Желая сохранить свои земли от разграбления, Олег повел войска Тохтамыша стороной и показал им брод на реке, чтобы облегчить переправу. Тогда-то и пошел Дмитрий Донской походом на Рязанщину и с такой яростью, по словам летописцев, «землю ему пусту сотвориша, ще бысть и татарские рати». Понадобилось еще четыре года, чтобы благодаря деятельному вмешательству Сергия Радонежского между князьями воцарился мир, скрепленный в 1387 году женитьбой сына Олега на дочери Дмитрия Донского.
И любопытнейшая подробность. Именно Олег Иванович Рязанский обладал старейшим, как принято его называть, харатейным списком летописи Нестора. Ценность летописи была для него очевидна, так что распорядился сделать с нее список, дошедший до наших дней и получивший название Лаврентьевской летописи.

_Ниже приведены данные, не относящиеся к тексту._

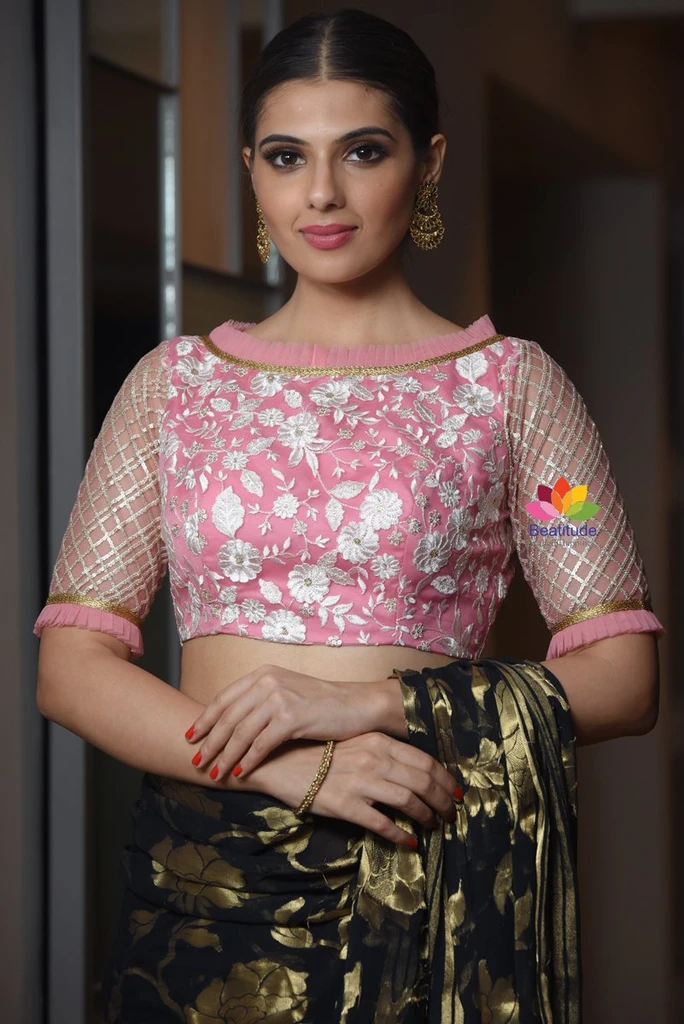 latest sarees with designer blouse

Соратник и прямой родственник великого князя, Боброк должен был иметь хорошую вотчину, какой и считалось Волынское, тем более что доверия Дмитрия Донского он до конца не терял. Его подпись стоит первой под первой духовной грамотой Донского. В последующие годы Волынское возвращается во владение великих князей и в последней четверти XVI века числится «государевой вотчиной», пока царь Федор Иоаннович не решает наградить особо близкого и доверенного человека, своего дядьку, Андрея (иначе — Луппа) Петровича Клешнина. Достаточно было Федору вступить на престол, чтобы начать осыпать А. П. Клешнина царскими милостями. В 1585 году тот был возведен в звание «ближния думы дворянина», в 1586-м — окольничего, в 1587-м — за ним уже числилось Волынское.
Действительная роль этого человека при царском дворе по-прежнему остается для историков недостаточно ясной. Что она была велика, сомневаться не приходится — слишком часто мелькает имя Клешнина в документах и Разрядных записях тех лет. Об одном ничего не могут сказать записи — чью руку Клешнин держал, в чью пользу интриговал, а жить без интриг не хотел. Некоторые историки уверяют, что сразу после смерти своего державного воспитанника ушел Клешнин в монахи и умер в 1599 году в боровском Пафнутьевом монастыре. Среди ученых XVIII столетия преимущественное распространение имела иная версия — о тайной связи Клешнина с Борисом Годуновым. Кое-кто называл царского дядьку настоящим братом Годунова «по свойству и делу». Более того, будто повинен был Клешнин во всех интригах дворцовых в пользу Годунова, а затем, в 1591 году, играл главную роль в следственной комиссии, разбиравшей обстоятельства смерти царевича Дмитрия. Автор Никоновской летописи также не нашел оправдания А. П. Клешнину в его издавна начавшемся сотрудничестве с царем Борисом. Будущим царем. Как бы там ни было, монашеская ряса закончила все придворные интриги царского дядьки. Волынское вернулось после Смутного времени во владения царя, а оттуда к одному из любимцев новоизбранного Михаила Романова — Афанасию Васильевичу Лобанову-Ростовскому.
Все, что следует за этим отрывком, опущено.